### TO DO
All of the data is to be copied without a single change.

### RAW DATA
::::::::::
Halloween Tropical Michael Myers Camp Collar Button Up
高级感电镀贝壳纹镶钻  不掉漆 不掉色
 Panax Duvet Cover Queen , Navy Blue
::::::::::
### ANSWER
Halloween Tropical Michael Myers Camp Collar Button Up
高级感电镀贝壳纹镶钻  不掉漆 不掉色
 Panax Duvet Cover Queen , Navy Blue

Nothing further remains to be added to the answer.